I lead a group of very active developer engineers who commit code, PR and merge almost on a daily basis. I do not often have the time to go through each of the changes. However, from time to time, I monitor the progress, do code reviews, comment on the changes I need the engineers to do. One of the challenge I often face is tracking down the commits, and PRs across multiple repositories (we have over 15). I usually dedicate a day in the week to go through the changes and point check them. I needed a way to consolidate all the changes in one place that I can review. GitHub UI doesn't provide any such facility, and I need to go through each repository separately to check the commits. This is a painful process. I needed a way to fetch the changes on demand and quickly.

GitHub APIs provided the solution. This article is about how I used GitHub APIs with Python to achieve what I wanted to achieve:

  • Quick summary of all the Pull Requests in the last week. More generically within the last ‘x’ days. The information I want to see include who the author of the PR is, what state it is in, the URL I can follow to see the full details of the PR
  • Quick summary of all the commits made in the last ‘x’ days. Details I am interested in are author, link to the commit, and the commit message.

Figuring out how to consolidate the PRs

GitHub APIs are documented at GitHub REST API documentation — GitHub Docs

What we are interested in is the Pulls — GitHub Docs ‘REST API to interact with pull requests’, more specifically ‘list pull requests’ API specified at List Pulls — GitHub Docs

https://api.github.com/repos/OWNER/REPO/pulls

The above APIs takes two main inputs:

  1. OWNER: the owner of the repos we are interested in querying. For my case, OWNER is my organization.
  2. REPO: the repository for which we can fetch the pull requests for.

As you can see GitHub doesn't provide a way to fetch all the PRs under an organization, but rather gives ability to pull from one repository at a time.

Oh! oh! How do we then get PRs for all the repositories? Well, is there an API to list all the repositories within an organization? If so, we can iterate over the repositories, and fetch the PRs for each repository.

How to fetch repositories under an organization?
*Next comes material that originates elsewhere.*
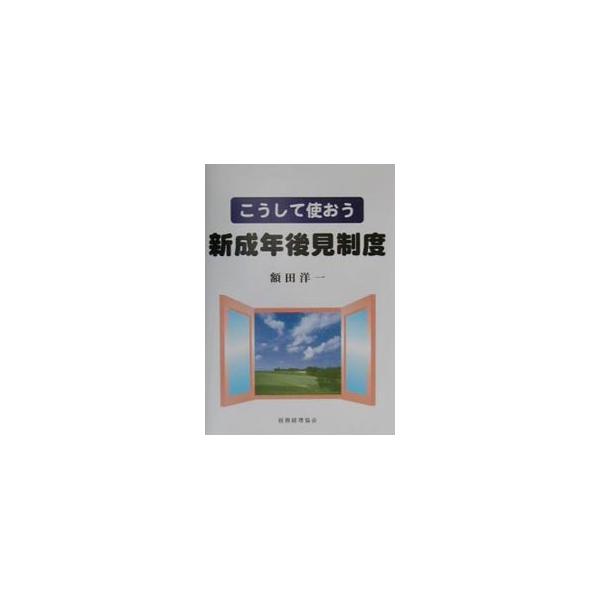 ■カテゴリ：中古本■ジャンル：政治・経済・法律 民法■出版社：税務経理協会■出版社シリーズ：■本のサイズ：単行本■発売日：2001/03/01■カナ：コウシテツカオウシンセイネンコウケンセイド ヌカダヨウイチ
Sure enough there is an API for that. Repositories — GitHub Docs https://api.github.com/orgs/ORG/repos

ORG: the organization name we are interested in pulling the information for. The curl command to fetch repositories under the ORG is as follows:

curl -L \
-H "Accept: application/vnd.github+json" \
-H "Authorization: Bearer <YOUR-TOKEN>"\
-H "X-GitHub-Api-Version: 2022-11-28" \
https://api.github.com/orgs/ORG/repos

Wait a minute what is the <YOUR-TOKEN> in the above call?
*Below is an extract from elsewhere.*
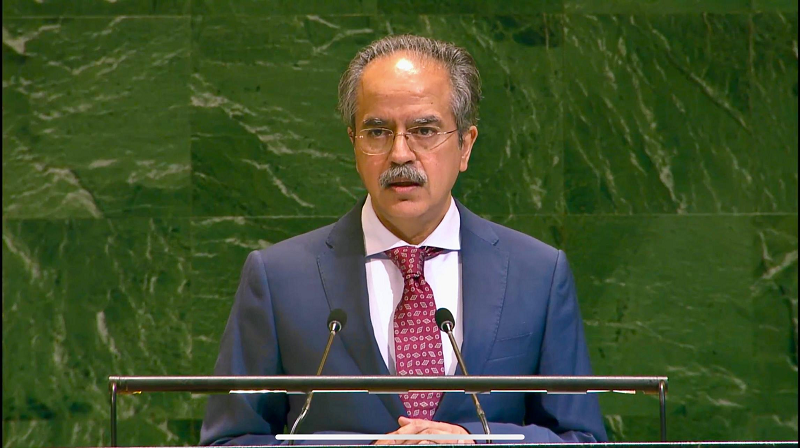 Pakistan condemned the ongoing situation in Gaza, labeling it a “stain on the collective conscience of humanity”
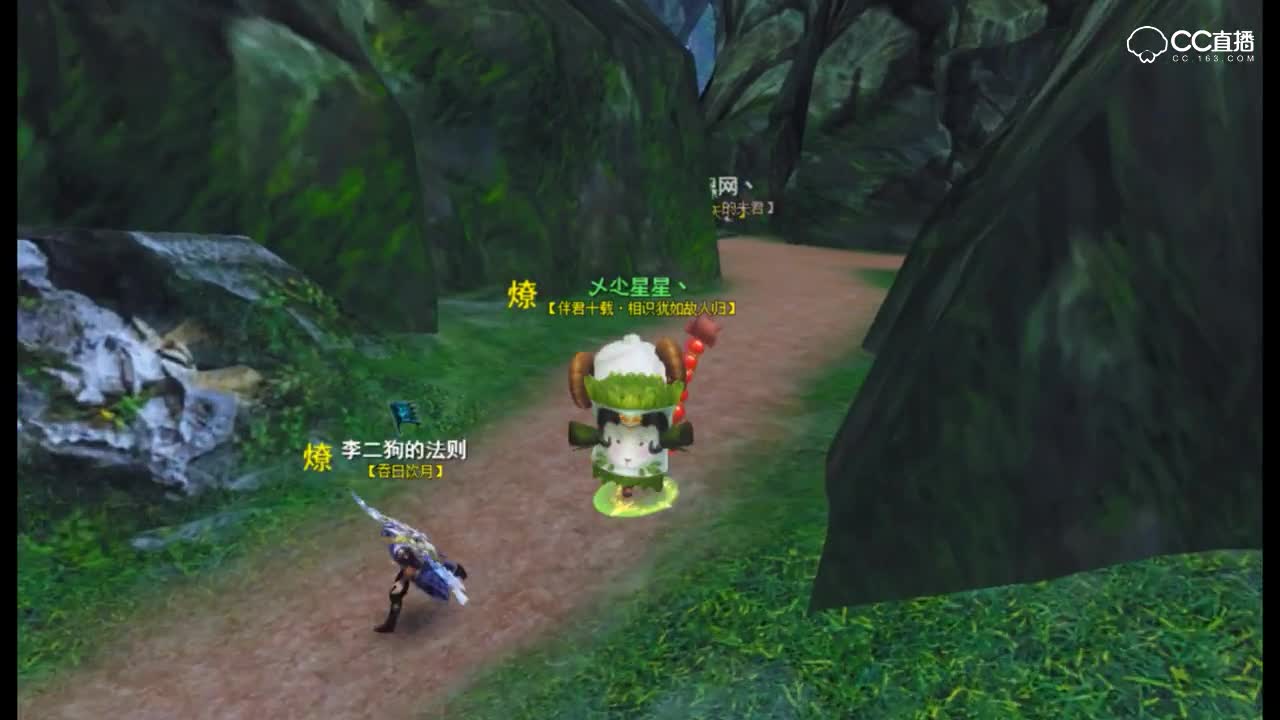 白云山1.5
Authorization requirements for using the APIs

To use the APIs effectively, GitHub API end points require an access token. For good security measures, it is always helpful to create access tokens with just enough permissions to carry out what we want to achieve. In this case, we want to read the repositories, their PRs, and commits. GitHub allows creation of ‘Personal Access Tokens’ with fine grain permissions. Procedure is:

  1. Go to your GitHub profile. Profile → Settings → Developer Settings → Personal Access Tokens → Generate new token.
  2. Give the token a name, a description that you can use to remember why you created a token for and choose the access levels. Since I have some private repositories, I chose ‘All repositories’ as the repository access level.
  3. Chose the permissions to give. In my case, I need to read the ‘commit statuses’ and the ‘pull requests’. So, I chose those two to create a personal access token. Keep this token in a secure place, as you don’t want to share this with anyone, and you would need it to access the end points.

Note: It seems like for public repositories, one doesn't need a token to access the repository, PRs or commits.
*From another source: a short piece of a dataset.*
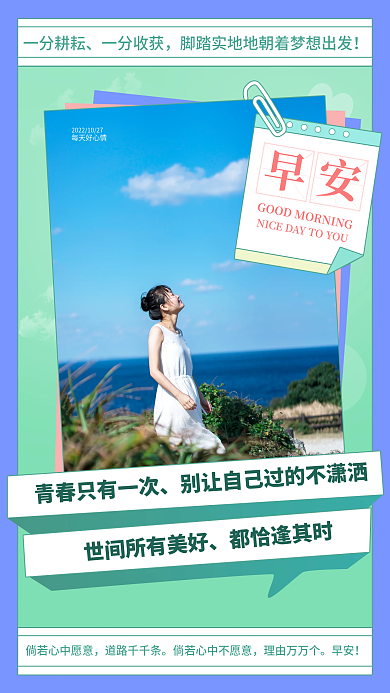 便签式早安每日一签海报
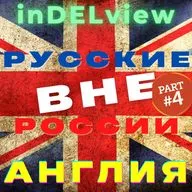 #русскиеВНЕроссии: 5 лет в Англии - ЛОНДОН, ч4 🌧🐟🍞🧚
Just a quick check on what we did so far:

  • We got a PAT (Personal Access Token)
  • Figured out the APIs to fetch the repositories under an organization, and the pull requests under a repository.

With this information, we are ready to go onto writing the code to get the PRs under the organization. Logic is pretty simple:

  1. Fetch the repositories under an organization.
  2. For each of the repositories, fetch the PRs under the organization.
  3. Filter the ones that were created, updated in the last ‘x’ days
  4. Format the output to show: the URL, the title, the author, and in what state the PRs is in (open, or closed)

I chose Python as it is an elegant language, and something I enjoy working with. Here is the Python code.

def get_pr_changes(num_past_days):

# Construct the API URL to get all repositories
api_url = f"https://api.github.com/orgs/{organization}/repos"

# Set the headers with your access token
headers = {
'Authorization': f'Bearer {access_token}',
# 'Accept': 'application/vnd.github+json',
'X-GitHub-Api-Version': '2022-11-28'
}

# Send a GET request to the API to get all repositories
response = requests.get(api_url, headers=headers)
repositories = response.json()

# Get the current date and the date 7 days ago
current_date = datetime.datetime.now().date()
num_days_ago = current_date - datetime.timedelta(days=num_past_days)
change_log = []

# Iterate over the repositories and retrieve the pull requests made within the last 7 days
for repo in repositories:
repo_name = repo['name']
# Construct the API URL to get the repository's pull requests
changes_ep = "pulls"
changes_url = f"https://api.github.com/repos/{organization}/{repo_name}/{changes_ep}"

# Send a GET request to the API to get the repository's pull requests
changes_response = requests.get(changes_url, headers=headers)
if changes_response.ok:
pull_requests = changes_response.json()
else:
print(f"Issue getting info from {repo_name}, response status = {changes_response.status_code}")
continue

for pr in pull_requests:
pr_created_at = datetime.datetime.strptime(pr['created_at'], "%Y-%m-%dT%H:%M:%SZ").date()
pr_updated_at = datetime.datetime.strptime(pr['updated_at'], "%Y-%m-%dT%H:%M:%SZ").date()
pr_closed_at = datetime.datetime.strptime(pr['closed_at'], "%Y-%m-%dT%H:%M:%SZ").date() if pr['closed_at'] else None

if pr_created_at >= num_days_ago or pr_updated_at >= num_days_ago or (pr_closed_at and pr_closed_at >= num_days_ago):
pr_url = pr['html_url']
pr_title = pr['title']
pr_author = pr['user']['login']
pr_state = pr['state']
print(f'url = {pr_url}, title={pr_title}, author={pr_author}, state={pr_state}')
change_log.append( (pr_url, pr_title, pr_author, pr_state))

return change_log

I initialized organization and access_token as global variables, though one can chose to pass them as arguments to the function. I chose it because we are going to write another function to retrieve commits as well.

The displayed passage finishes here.